ほぼ無意識に答えてから、今母が言っていたことを思い返す。作って残った味噌汁……味噌汁?
ハッとしてコンロに置いてある鍋へ意識を移す。寝起きのスウェット姿の母がツマミを回す。中火の青い炎が現れる。稀に夕陽色の炎をまじえながら、揺れながら鍋の底を刺激する。それは母の作った味噌汁を丁寧にことこと温めてくれている。そう、あれは豆腐と小松菜の味噌汁だ。これ好き、と幼い頃さりげなく呟いたことを覚えてくれているからだ。
飲みたい、と思った。強く思った。
改めて意思表示をしようと思い立つ。お母さん、ねえ、私今凄く味噌汁が飲みたいの。お母さんが作ったものが食べたいの。
しかし辞めざるを得なかった。キッチンのすりガラスから差し込む朝日はつい先ほどより格段に強さを高めていて、お玉を持って鍋の様子を伺っている母をよりハッキリ映し出していた。
視線だけ動かして、テーブルについたままの父と妹を見る。一旦笑うのは休憩、といった様子でそれぞれ食事をする二人の輪郭もまた明確になっていることに気づき妙な焦燥感に駆られる。
何かが変わり始めている。この空間はかろうじてのバランスで保たれている、そんな感覚があった。自分が声を発することで、その均衡が崩れてしまいそうで恐ろしかった。
姿勢を直しかけようとして同様の危機感を覚える。とにかく今は何を動かしても危険だと心臓が訴えていた。私はただ、味噌汁を温める母の様子を眺めていることしかできなかった。
ツマミをひねって火が消えた。食器棚から取り出したお椀にお玉で軽く三杯、味噌汁を取り移す母の横顔を見て、あぁ、料理しているときのお母さんはこんな優しい表情をしていたのか、と気づく。
「はい、豆腐と小松菜たくさん入れといたよ」
湯気の立ったお椀と、二、三年ほど前に妹と色違いで買ってもらった青い箸が私の前に置かれる。私の分を準備すると、今度は母自身の分も用意してから席についた。そして流れるように「いただきます」と呟いてから私の物より具の少ない味噌汁を取り始めた。
鍋で攪拌されて反時計回りにぐるぐると回っているスープを眺めながら、私はどうすべきか考える。
身体を動かすことに対する危険信号が脳内を支配している。運動筋肉に指示を出したら均衡を崩してしまうことが、なんとなく分かっていた。分かっていた。

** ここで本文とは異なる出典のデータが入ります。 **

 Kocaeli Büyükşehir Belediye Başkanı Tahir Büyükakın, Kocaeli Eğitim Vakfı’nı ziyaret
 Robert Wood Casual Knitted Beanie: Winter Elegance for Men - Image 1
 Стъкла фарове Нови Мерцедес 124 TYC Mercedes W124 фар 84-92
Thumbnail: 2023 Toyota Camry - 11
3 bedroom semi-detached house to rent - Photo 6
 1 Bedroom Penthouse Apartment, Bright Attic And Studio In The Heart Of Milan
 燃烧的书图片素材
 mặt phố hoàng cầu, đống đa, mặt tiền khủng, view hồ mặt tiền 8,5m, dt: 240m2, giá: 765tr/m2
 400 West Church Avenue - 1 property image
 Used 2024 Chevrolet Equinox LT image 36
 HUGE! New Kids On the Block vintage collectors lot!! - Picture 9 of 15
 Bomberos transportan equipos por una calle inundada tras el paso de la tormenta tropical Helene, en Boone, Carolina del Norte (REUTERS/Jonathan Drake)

目の前の味噌汁をただ見つめる。自分の身体の動きによって世界の均衡が崩れてしまうことと同じで、この物体から目を逸らせば跡形もなく消えてしまいそうな予感がしていた。なら、このまま見つめたまま動かずにいればいいのかもしれない。しかし。
これを食べたい。母の作った料理が食べたい。お母さんの、お母さんのご飯。
欲求に逆らい難かった。母の作ったものを目の前にしただけで、喪失を予感した怯えと焦燥、それに付随する何かを思い起こさせる悲しさ、そして『母』を追い求める幼心。そういったいくつもの感情が脳と心を駆け巡って、世界への配慮がなくなっていく感覚がして、もう何をどうしたらいいのか分からなかった。
柔らかく当たっていたのにいつの間にか力を強めた朝日が、視界の外にいる家族の輪郭を一段と濃くしていることをどういうことか理解する。猶予はもはや残されていなかった。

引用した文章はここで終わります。